The idea that viruses, especially those of the Herpesviridae family, might contribute to the pathogenesis of MD has remain disputed for some time. The 2008 review of Oliviera and colleagues concluded it to be unlikely that MD had any demonstrable viral etiopathology [15]. On the other hand, contemporaneous work by Gacek concluded that overall, MD simply is the manifestation of viral-infection of the inner-ear [18]. In the context of various experimental models of MD thus far, viral pathogens have acted as powerful mediators of EH, itself arguably a crucial component of the MD puzzle [8, 11, 12]. Yet whether such experimental virulence could be of relevance to the clinical setting has remained unclear. Though we did not make an a priori prediction, under our analyses, we found a history of CMV-infection (past or present) is associated with MD. CMV infection, especially in congenital contexts, has been identified as among the most prevalent of the infective etiopathologies of SNHL, with deleterious consequences almost invariably for hearing and often too the vestibular system [6466]. Moreover, CMV has been suggested to lead to hydropic ear disease, and so too has EH been linked to immune-mediated inner-ear disease [67, 68]. So CMV is probably influential for a variety of pathophysiological processes of the vestibular and cochlear labyrinths that are themselves associated strongly with MD, and thus too in MD CMV-infection may be a factor in facilitating dysregulation of the inner-ear labyrinths, a hypothesis suggested by Arenberg and colleagues [48]. Finally, since CMV is a known pathogen for a variety of immune-mediated etiopathologies of the inner-ear, it is plausible that CMV influences MD via pro-inflammatory states, a hypothesis which integrates with pre-established etiological frameworks suggesting a potential role for infectious pathogens in MD.

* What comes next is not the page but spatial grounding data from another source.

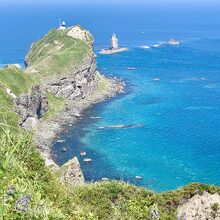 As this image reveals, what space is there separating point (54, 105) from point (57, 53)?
115ft

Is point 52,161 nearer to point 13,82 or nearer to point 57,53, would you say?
point 13,82

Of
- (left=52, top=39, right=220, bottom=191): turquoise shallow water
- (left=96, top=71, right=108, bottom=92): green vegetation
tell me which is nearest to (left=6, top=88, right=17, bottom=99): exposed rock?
(left=52, top=39, right=220, bottom=191): turquoise shallow water

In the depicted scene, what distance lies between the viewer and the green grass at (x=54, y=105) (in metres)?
115

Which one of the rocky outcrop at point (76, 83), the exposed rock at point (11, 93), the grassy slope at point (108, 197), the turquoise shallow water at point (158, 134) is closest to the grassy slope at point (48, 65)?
the exposed rock at point (11, 93)

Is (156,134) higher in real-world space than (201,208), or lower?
lower

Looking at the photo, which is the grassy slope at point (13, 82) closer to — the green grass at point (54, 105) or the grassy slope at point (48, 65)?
the grassy slope at point (48, 65)

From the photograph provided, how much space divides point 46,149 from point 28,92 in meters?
24.4

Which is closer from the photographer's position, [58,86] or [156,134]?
[156,134]

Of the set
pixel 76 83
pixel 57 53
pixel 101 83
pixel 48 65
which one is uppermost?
pixel 57 53

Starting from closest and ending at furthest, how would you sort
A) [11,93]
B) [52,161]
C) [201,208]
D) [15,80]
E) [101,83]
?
1. [201,208]
2. [52,161]
3. [11,93]
4. [15,80]
5. [101,83]

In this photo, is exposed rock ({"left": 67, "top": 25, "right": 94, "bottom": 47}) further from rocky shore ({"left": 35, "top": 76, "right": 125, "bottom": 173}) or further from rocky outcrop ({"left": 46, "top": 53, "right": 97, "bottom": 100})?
Answer: rocky outcrop ({"left": 46, "top": 53, "right": 97, "bottom": 100})

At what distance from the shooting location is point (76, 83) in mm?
135625

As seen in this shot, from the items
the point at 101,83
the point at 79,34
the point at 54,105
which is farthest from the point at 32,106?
the point at 79,34

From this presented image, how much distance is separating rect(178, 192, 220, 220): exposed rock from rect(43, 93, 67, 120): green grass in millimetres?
82214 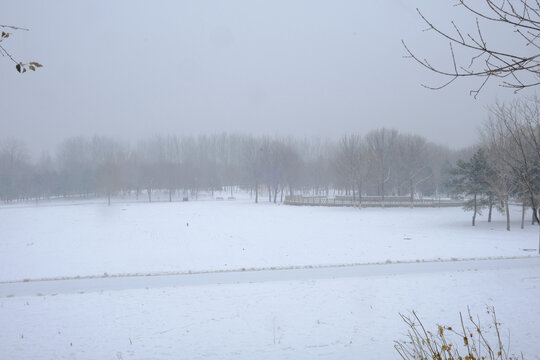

Until more is known about the potential influence of CMV on MD, in particular whether this association holds in more rigorous clinical studies with, for one, clinically sub-grouped participants, and for another, viral nucleic acid determinants in each setting, the presently described association is not yet relevant to clinical practice. Trials of antiviral pharmacotherapy have not demonstrated any convincing or reliable efficacy thus far [29]. The diversity of viral involvements described here in terms of both species and natural history (severity and time-course) implies that future trials of antiviral pharmacotherapy for MD should carefully consider the goal of such therapy in relation to the pathophysiology of MD. For one, if only a small proportion of those with MD suffer from a virally-mediated form of the disease, this would need to be taken account in power-analyses or selection measures of future studies. If, on the other hand, viral-infection is merely an exacerbating factor for MD, then this would need to be taken into account in terms of the design of study outcomes. If, else, viral-infection is associated with MD but does not mediate the disease, this might imply a redundancy of antiviral pharmacotherapy. Overall, with regards to the prospects of future trials of antivirals in MD, in making any sort of judgement of whom with MD antiviral pharmacotherapy might be indicated, it seems that an initial point of order is to try and better understand any potential epidemiological relationships between viral infection and MD.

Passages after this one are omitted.